I know I seem pretty stupid to have been hung up on this dude for quite some time. I am beyond baffled why I am as well. I think it’s something deeper that I may need to seek counseling over some things.

But- I did want to leave you with our last convo- I did it to re affirm what I already knew? Doesn’t matter. Maybe I did it to get my power back
But I texted him and asked why he wanted me to do those things (bj, swallow etc) if he was in the situation he was in ( on/off/ about to move in w g/f). And of course his response was- when did I want you to do that?
I was taking with you a friend.
I would never ask that knowing you knew where I was at.
You asked me if I figured it out 

The texts were rolling. Guess I scared him thinking I might just send one of those texts to his girl.

My last and final text was-
I just wanted to confirmation and I got what I needed.
No reply 

So I’m completely done and new phone and new number!
He lives in the same town- very close to me and if I see him, I hope I’m heavily involved with a man that treats me like gold. Even though I’ve wasted my years waiting and hoping for someone that didn’t give rats ass about me.
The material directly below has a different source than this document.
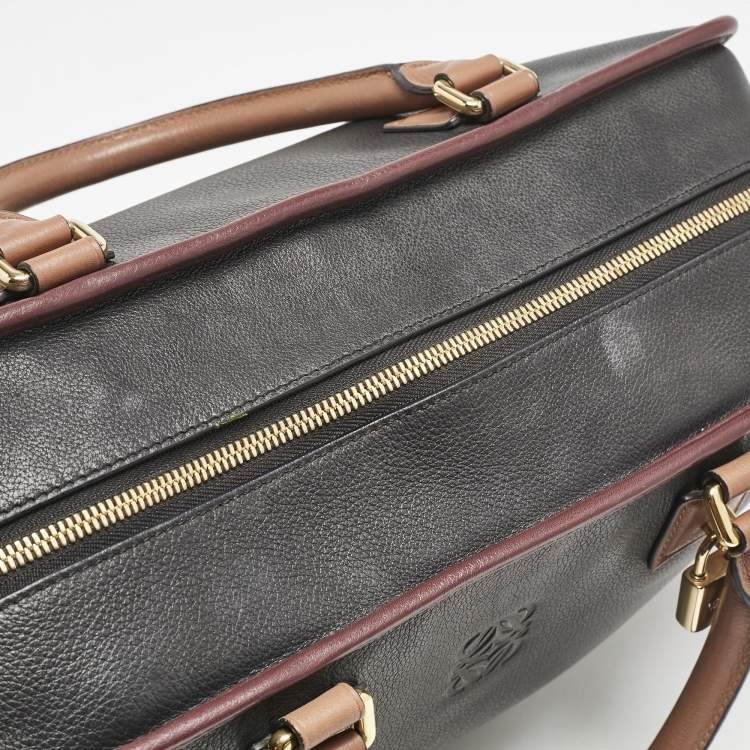 Pre Owned Loewe Black/Burgundy Leather Amazona 36 Satchel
Thank you all for your support.

Sue


----------



## She'sStillGotIt (Jul 30, 2016)

Sue4473 said:


> He again says no, I haven’t figured anything out except ...... ...... which was explicit things he needed and wanted me to do. I reply- aren’t you moving in with your gf?


Golly.

How flattering. 

Mr. Mouth Breather must have to beat the girls off with a stick, what with that smooth, classy way he has with the ladies. I know *my* heart would go pitter-pat and I'd probably_ swoon_ if some guy texted me - because texting is SO romantic and SO mature - about how he'd like to *%&^^$#@ my @^#^^ and have me #*()[email protected](*& his @^(^^$# .... all while he's packing up his **** to move in with some other girl. 

Yeah, I can see why the ladies are drawn to *this* prize.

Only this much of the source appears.